╔══

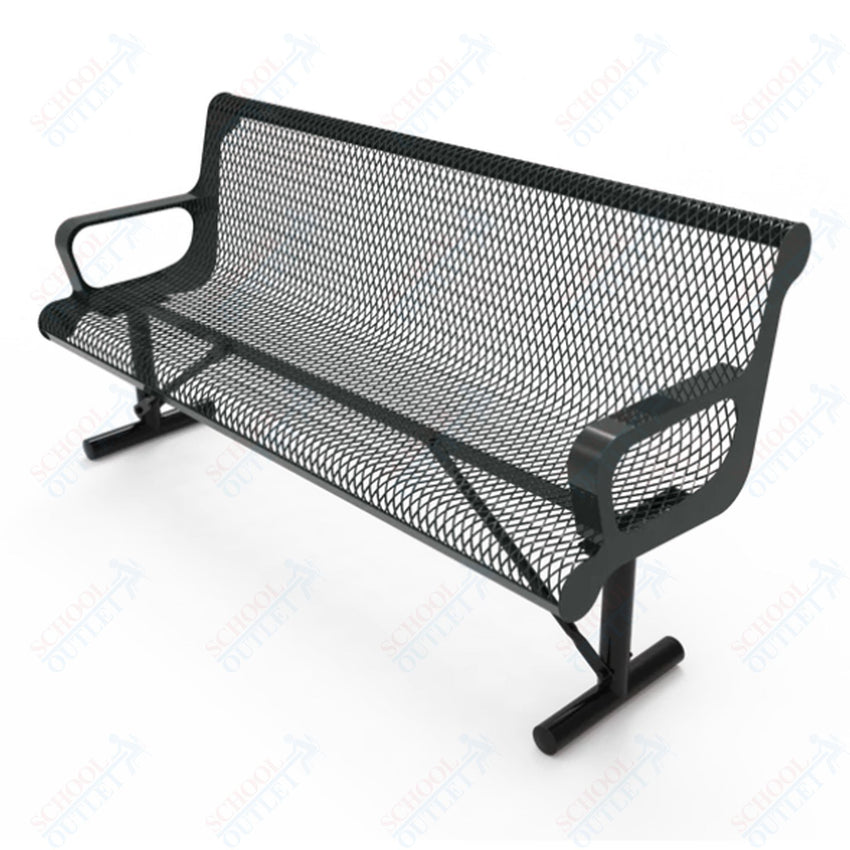MyTcoat - Contoured Portable Outdoor Bench with Arm 4' L (MYT - BCA04 - 42) - SchoolOutlet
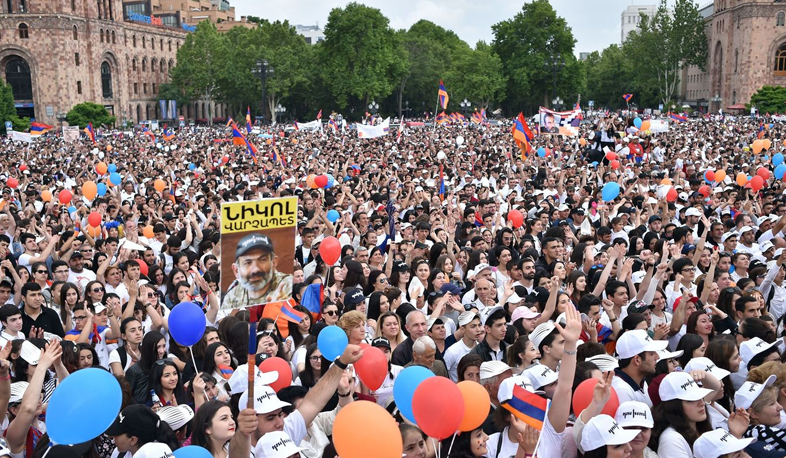 Nikol Pashinyan started marching one year ago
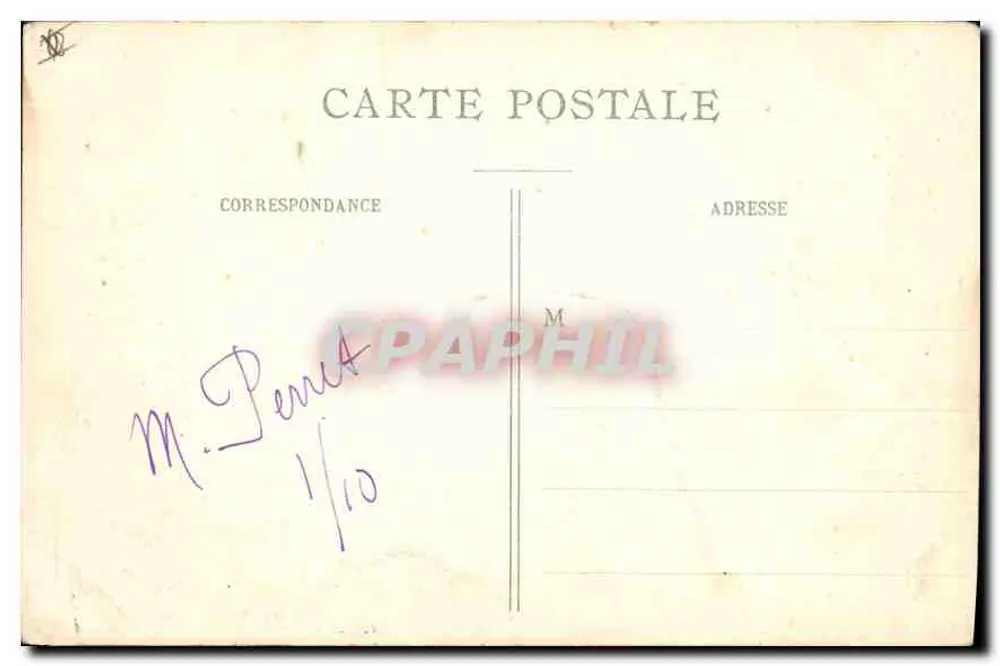 Basilika des Heiligen Herzens auf dem Montmartre-Hügel — Paris — Verlag Grapapril, Nr. 323 - Rückseite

╚══

- Problem statement
Transcribe the listing exactly; skip the pictures.

- Result
MyTcoat - Contoured Portable Outdoor Bench with Arm 4' L (MYT - BCA04 - 42) - SchoolOutlet
 Nikol Pashinyan started marching one year ago
 Basilika des Heiligen Herzens auf dem Montmartre-Hügel — Paris — Verlag Grapapril, Nr. 323 - Rückseite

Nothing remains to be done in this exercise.